Data supplied ::
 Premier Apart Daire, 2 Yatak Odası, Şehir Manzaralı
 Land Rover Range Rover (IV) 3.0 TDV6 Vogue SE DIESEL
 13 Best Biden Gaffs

--

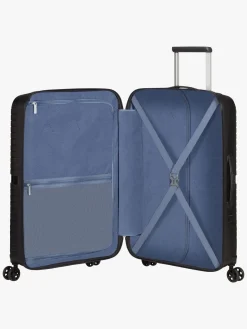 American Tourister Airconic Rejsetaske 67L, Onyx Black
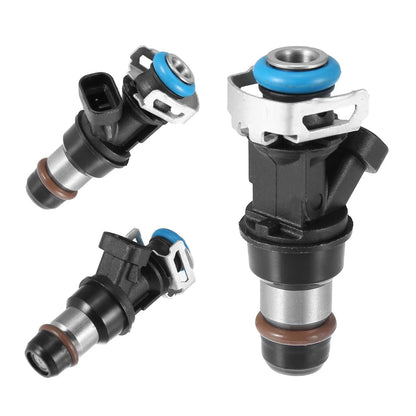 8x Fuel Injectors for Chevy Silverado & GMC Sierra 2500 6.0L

---

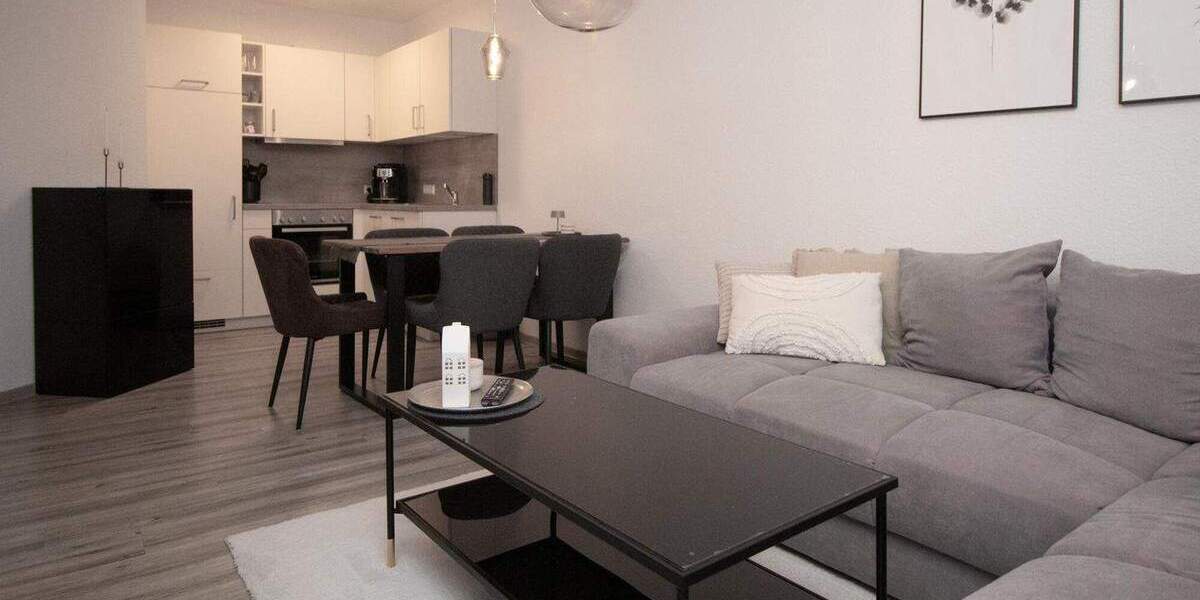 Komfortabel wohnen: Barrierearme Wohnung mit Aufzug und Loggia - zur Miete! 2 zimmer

Activity ::
Would you copy, unchanged, the stretch of the records above that begins at the line containing "Premier Apart Daire, 2" and ends at the line containing "13 Best Biden Gaffs", and only that?

Response to the task ::
 Premier Apart Daire, 2 Yatak Odası, Şehir Manzaralı
 Land Rover Range Rover (IV) 3.0 TDV6 Vogue SE DIESEL
 13 Best Biden Gaffs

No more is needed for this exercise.